# [Problem requirements]
What is needed is an exact copy of the lines from the line holding "Cable-Knit Crewneck Vest" through the end of the material, with no other lines and no pictures.

# [Data]
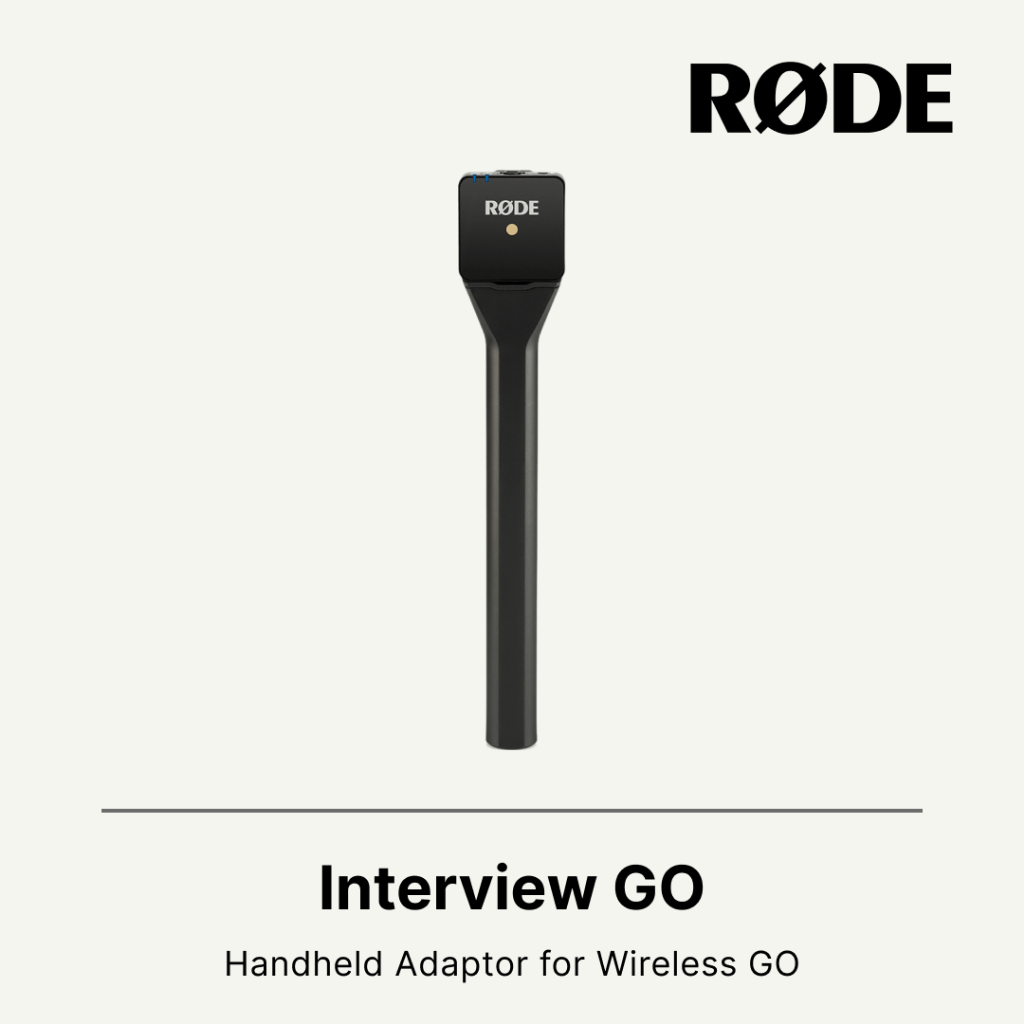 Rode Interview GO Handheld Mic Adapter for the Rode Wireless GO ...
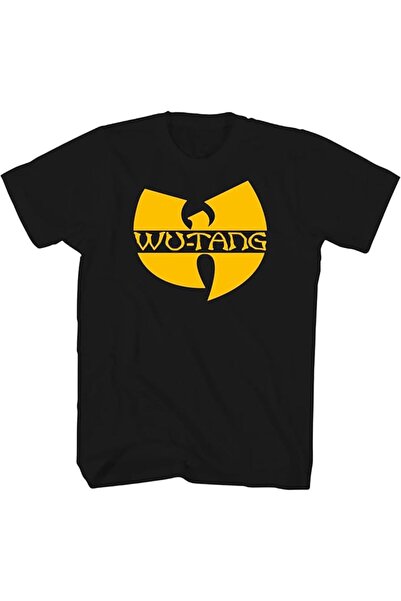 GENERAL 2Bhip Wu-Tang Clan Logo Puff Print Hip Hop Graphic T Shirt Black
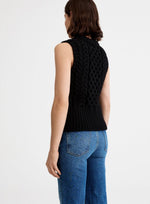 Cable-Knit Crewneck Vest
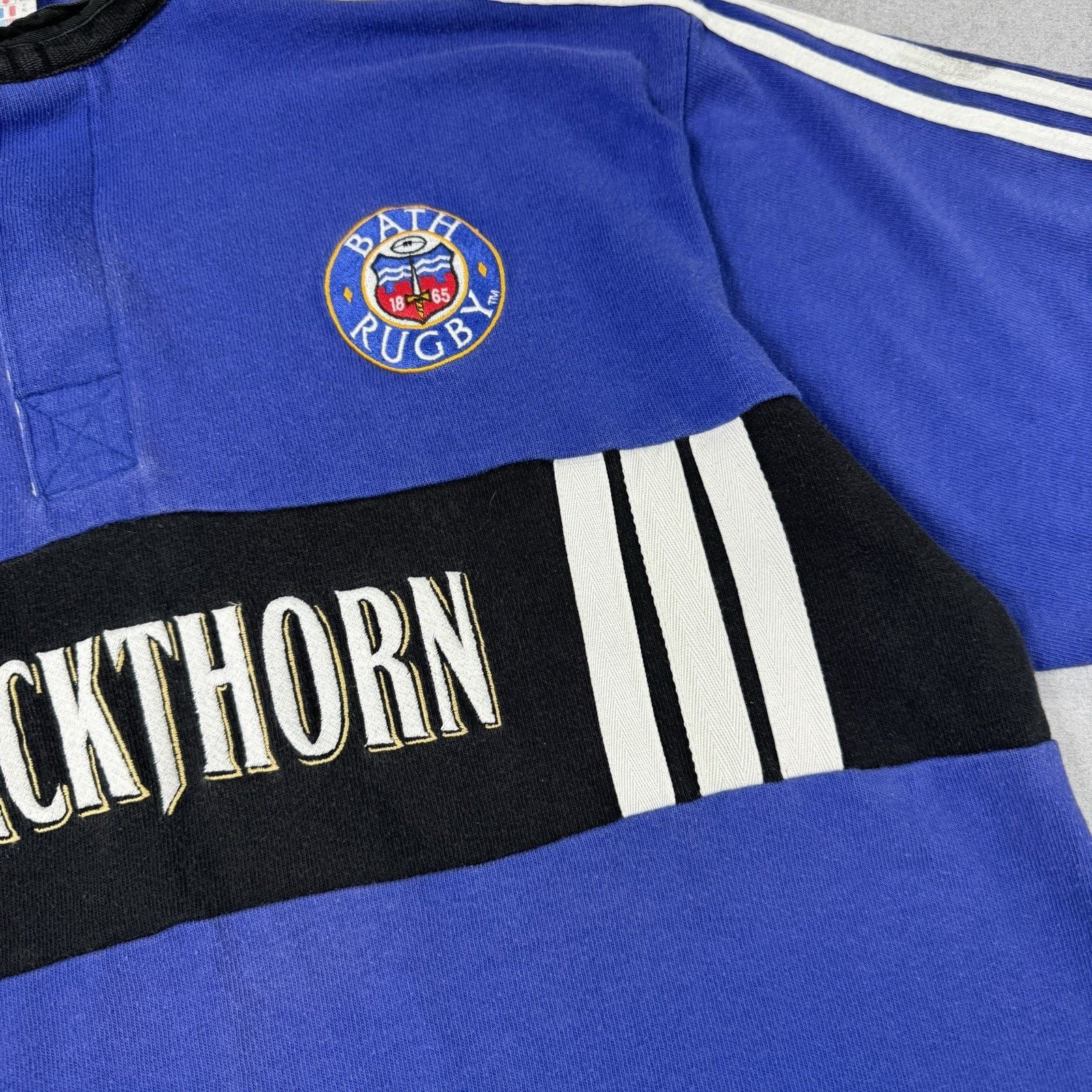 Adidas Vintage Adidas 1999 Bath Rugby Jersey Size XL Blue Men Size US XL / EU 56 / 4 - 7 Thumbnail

# [Exercise response]
 Cable-Knit Crewneck Vest
 Adidas Vintage Adidas 1999 Bath Rugby Jersey Size XL Blue Men Size US XL / EU 56 / 4 - 7 Thumbnail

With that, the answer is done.